In essence, programming languages are like motor vehicles, some are cars, some are trucks, and some are even motorcycles. They can be fast, or slow, have large towing capacity, or be designed specifically for limited purposes like delivering parcels or mail. But they all share certain characteristics. If you know how to drive you can pretty much jump into any of them and make them move. You may need some specialized skills to manage certain of them (e.g. a manual transmission of a big rig or a motorcycle) but they essentially just do what you want them to do if you’ve got enough skill to drive them. Yes, they’re not always safe and frankly, most of them are much less safe than people think they are, but at least we have good models and experience with how they can go wrong and have reasonable intuitions about when they are dangerous and how they break down. They are simple, usable, well-understood tools.
ChatGPT is a mule. Yes, it can get you places that you can’t get with a car (although after a hundred years of car development, there’s probably a specialized vehicle that will do the job of a mule). And yes, they are actually smarter than a car, and that’s very easy to demonstrate. And yes, it’s definitely cheaper to rent or even buy a mule than to buy a vehicle and hire a driver to get you to a similar destination (e.g. I once rode a mule for 10 hours in a day in order to be able to climb a mountain in Northern Africa. It was a good experience – with a guide – if a little painful). But, mules are stubborn and need skilled handlers to get them to do what you want them to do. They are really hard to train, in part because they are probably smarter than horses, which can do similar jobs but are much more fragile. They occasionally refuse to do even familiar tasks for their own reasons and need forcing. Managing a small group of mules is especially difficult since they all have their own distinct personalities, strengths, and weaknesses. Only a skilled handler familiar with each animal can even hope to control a group of them. And yes, anyone can go to a petting zoo and feed and pet one (similar to using ChatGPT for a simple conversation or document summary) but actually getting one to do useful work is hard and needs training and often a lot of trial and error. The only way this metaphor doesn’t work is that mules are a lot easier on the environment than cars.
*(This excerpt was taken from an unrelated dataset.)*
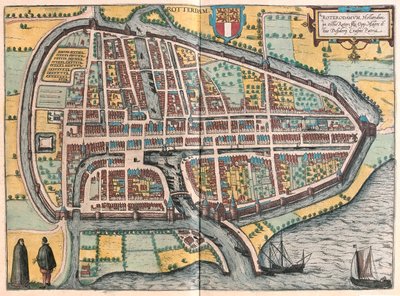 Rotterdam, Nizozemsko - v "Civitates Orbis Terrarum" od Georga Brauna, Kolín nad Rýnem 1617 od Georg Braun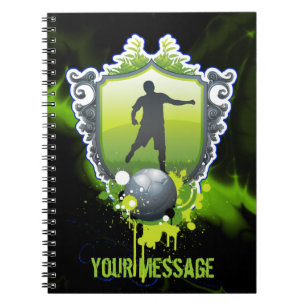 Fußball 1 Notizbuch Notizblock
Now this should not all be met with pessimism. These systems are clearly useful and they are much more predictable and reliable at certain tasks than others. They are very good at summarizing specific documents and collections of documents. They can often answer specific questions that have already been asked and answered. If you depend on that, however, they must be considered to be unreliable and should always be asked for references, so treat them as summarizing search engines so you can check their work – on that point, I think Perplexity is the right model. They are unreliable when faced with factually wrong or misleading sources and information – just as we are, perhaps even more so. In no case should they be used to replace people who have judgment and reasoning abilities, which they definitely do not yet have.
Maybe they’ll be more like cars someday, but remember that it took decades and a lot of transformation of society around them before that was true of cars. Best to treat them like a mule. Only try to use them for what they’re really good at, don’t trust them, and make sure you have a good guide.